Veteran left-wing senator Bernie Sanders has issued a blistering four-word retort to National Economic Council Director Kevin Hassett's attempts to reassure the public about rising oil prices as the war in Iran drags on. Reacting to Hassett's optimistic comments, Sanders simply stated: "God help us all."
Hassett's Controversial Economic Outlook
In a Tuesday interview with CNBC, Kevin Hassett, President Donald Trump's economic adviser, suggested that if oil prices were to decrease due to a resolution in Iran, inflation could approach zero. "Imagine if oil prices start going back down because the situation resolves itself somehow, then you could be looking at inflation close to zero," Hassett remarked, seemingly dismissing the six-week conflict's ongoing impact.
When MSNBC host Chris Hayes played the clip during an interview with Sanders, both men chuckled before the Vermont senator delivered his sharp critique. "This is [President Donald Trump's] economic adviser, God help us all," Sanders declared, highlighting the disconnect between administration rhetoric and economic reality.
The Real-World Impact on American Consumers
Sanders elaborated on the tangible consequences of rising fuel costs for ordinary Americans. "Here in the United States, you know, we're having 60 percent of our people living paycheck-to-paycheck," he explained. "And now what they're having to deal with is gas in Vermont, I think it's over four bucks a gallon, parts of the country, it's higher than that. And that means less money for food, less money to be able to pay the rent."
The senator connected the affordability crisis directly to Middle Eastern conflicts, noting that Prime Minister Benjamin Netanyahu's wars "have not only been grossly immoral and destructive, but they are also impacting billions of people throughout the world."
Administration's Mixed Messaging on War and Economy
Despite Hassett's wishful thinking, data from the American Automobile Association confirms Sanders' concerns. As of Wednesday morning, the average U.S. gas price stood at $4.11, with West Coast consumers paying significantly more due to war-related market disruptions.
The administration offered contradictory signals on Tuesday, with Trump telling Fox Business host Maria Bartiromo that the war is "very close" to ending, despite failed peace talks in Pakistan and similar unfulfilled promises from two weeks prior. Meanwhile, Treasury Secretary Scott Bessent told the BBC that "a small bit of economic pain" was acceptable for long-term security, and Kansas Senator Roger Marshall told Newsmax viewers that "your national security is more important than your pocketbook."

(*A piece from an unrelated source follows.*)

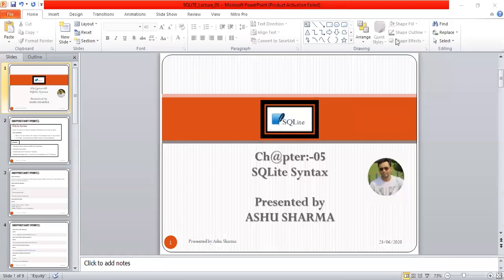Good evening everyone, myself Asu Sharma. Today we will see some of the commands that we use in SQLite and its syntax. It's a very important topic that we are going to use further. Then we will create a database and use some of these commands. So let's start with the next slide.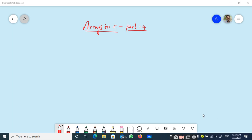Good morning and welcome back to our course on the C programming language. In this session I am going to discuss the concept of Arrays in C, which is Part 4 of Arrays. What we are going to discuss under Part 4 is accessing of array elements.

Energy Secretary's Cautious Forecast
Energy Secretary Chris Wright provided a more tempered outlook at the Semafor World Economy summit in Washington, D.C., suggesting his earlier summer resolution forecast now appeared "aggressive." Wright acknowledged that "we're going to see energy prices, you know, high and maybe even rising, until we get meaningful ship traffic through the Straits of Hormuz," with peak prices potentially coming in the next few weeks.
In a concerning admission echoing Trump's previous comments, Wright stated there was "a very real possibility" that oil prices could rise further before improvement occurs.
Broader Economic Implications
Sanders criticized the administration's economic priorities, noting that "Trump's thought is that when we spend that money, we can cut back on healthcare and child care to pay for the war. Pretty crazy stuff." He estimated the conflict could ultimately cost a trillion dollars while exacerbating domestic affordability issues.
The International Monetary Fund reinforced these concerns on Tuesday, lowering its global growth outlook and warning that worsening conflict could push the world economy toward recession. With oil prices hovering near $100 per barrel and the Strait of Hormuz effectively closed, the economic stakes continue to rise alongside political tensions.